▶ Your instructions
What you return should be the lines of the data containing "Gold", each in full.

▶ Web page caption snippets
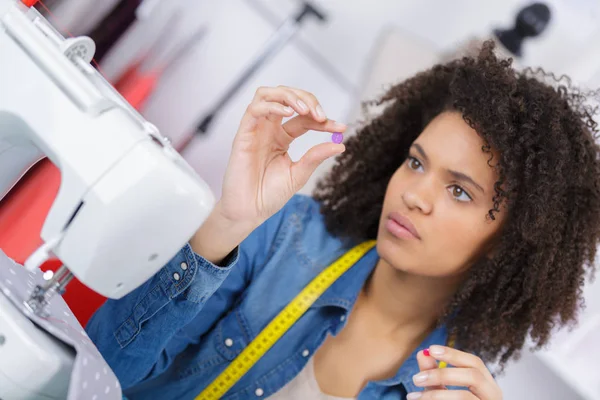 Fshion designer holding a set of threads and chooses one — Stock Photo, Image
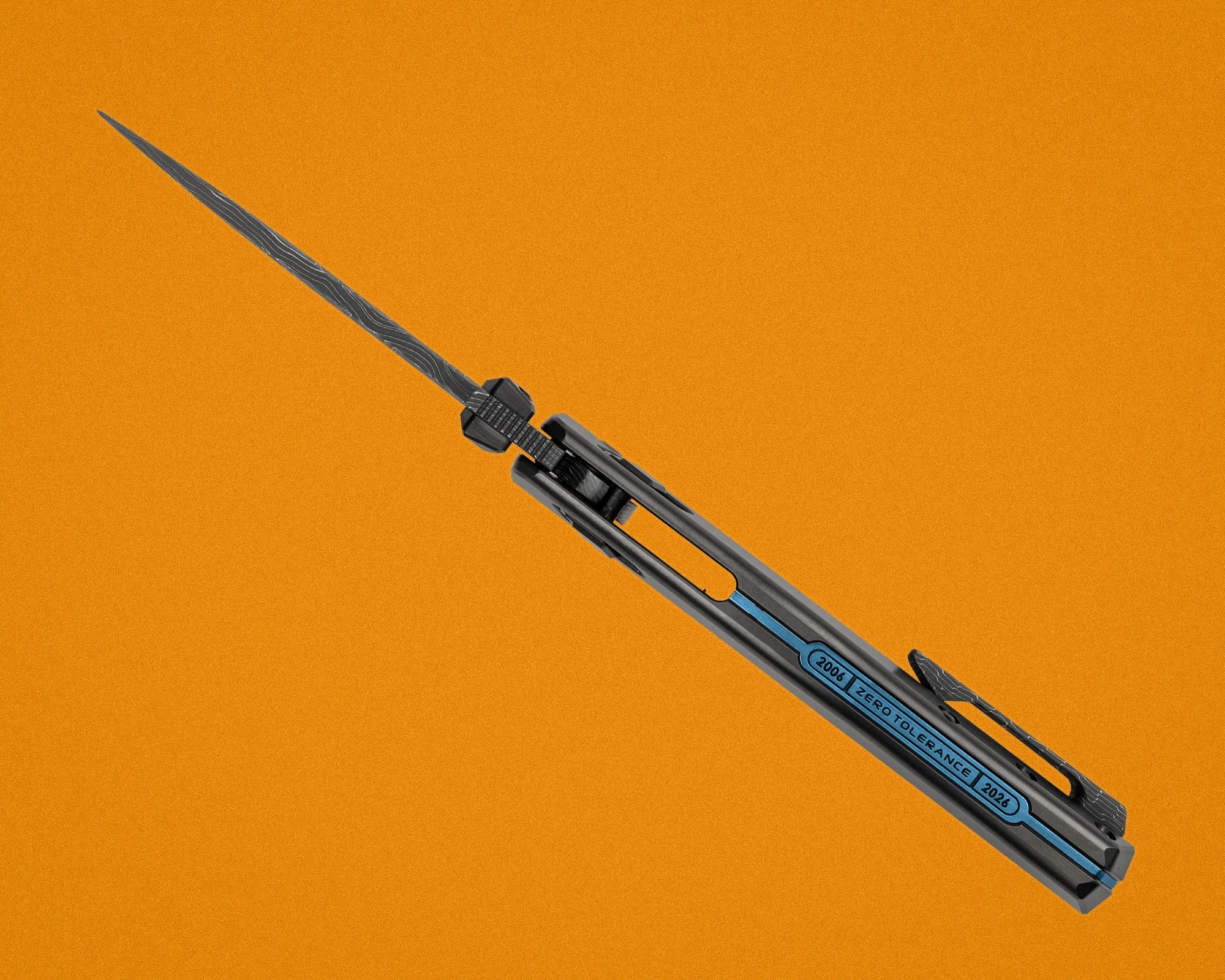 Black folding knife with a patterned blade and blue "2006 Zero Tolerance 2026" label on the handle against an orange background.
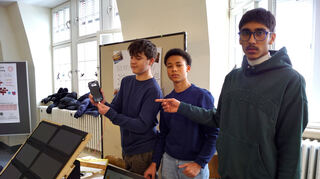 Philipp Juszczak (v.l.), Amani Michler und Vipin Kumas haben eine kleine PV-Anlage gebaut, um Smartphones klimaneutral im Klassenzimmer aufzuladen.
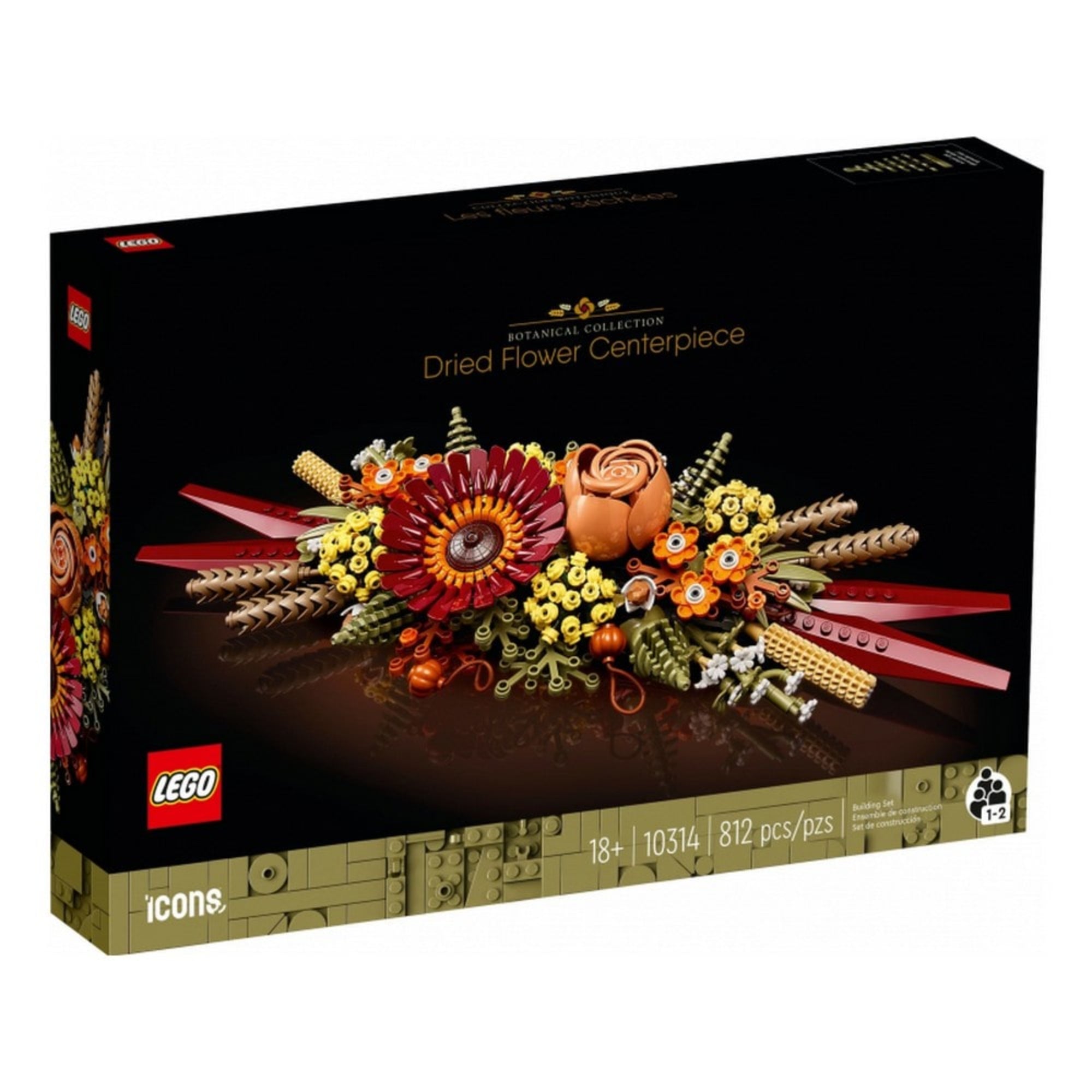 LEGO Dried Flower Centerpiece (10314) készlet doboza, amelyen a szárított virágokat ábrázoló dekoráció részletesen látható fekete háttér előtt.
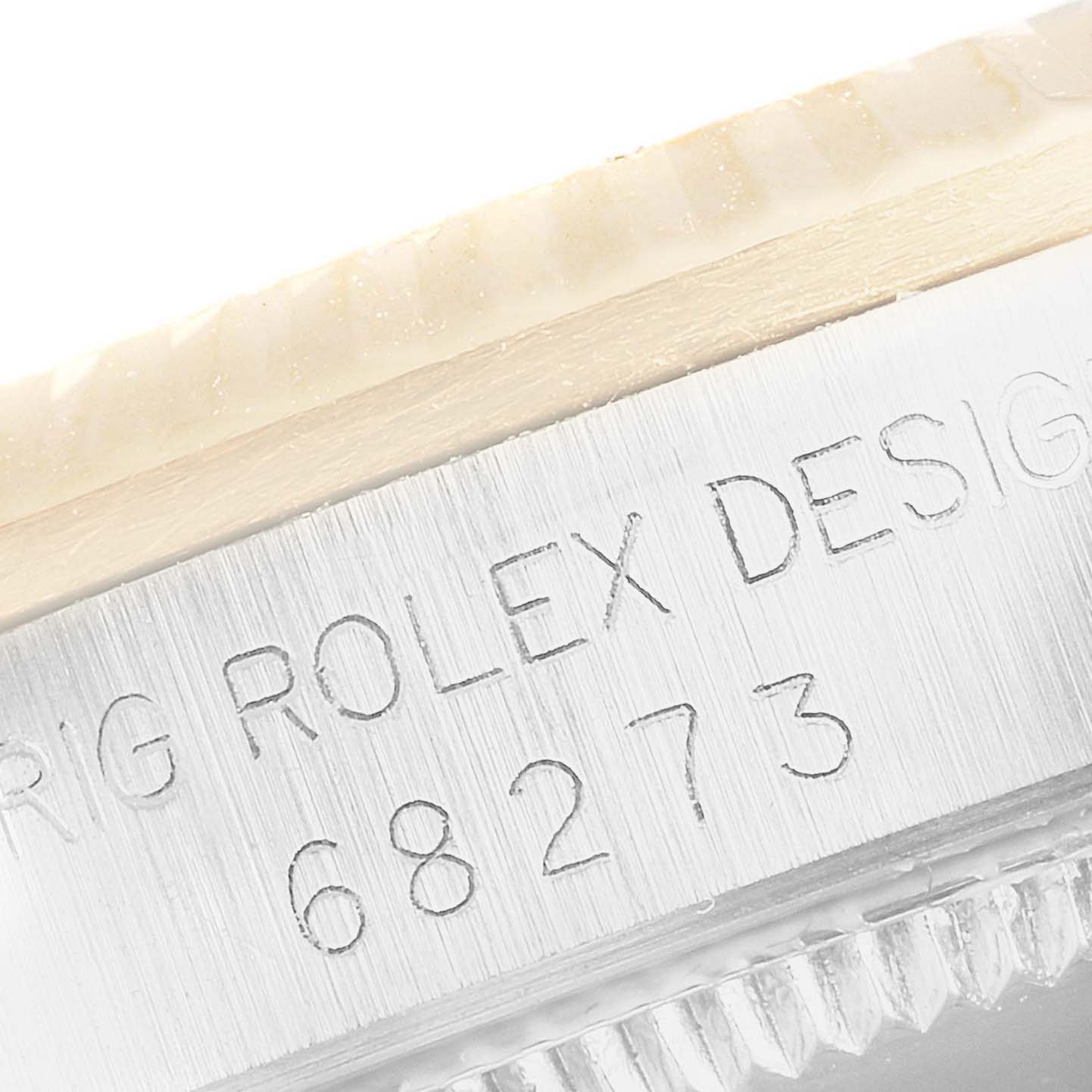 The image shows a close-up of a Rolex Mid-Size 68273 Women
s Steel and Gold (two tone) White Dial 68273 Women
s Steel and Gold (two tone) White Dial model
s serial number and part of the bezel and case.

▶ Answer for the task
s Steel and Gold (two tone) White Dial 68273 Women
s Steel and Gold (two tone) White Dial model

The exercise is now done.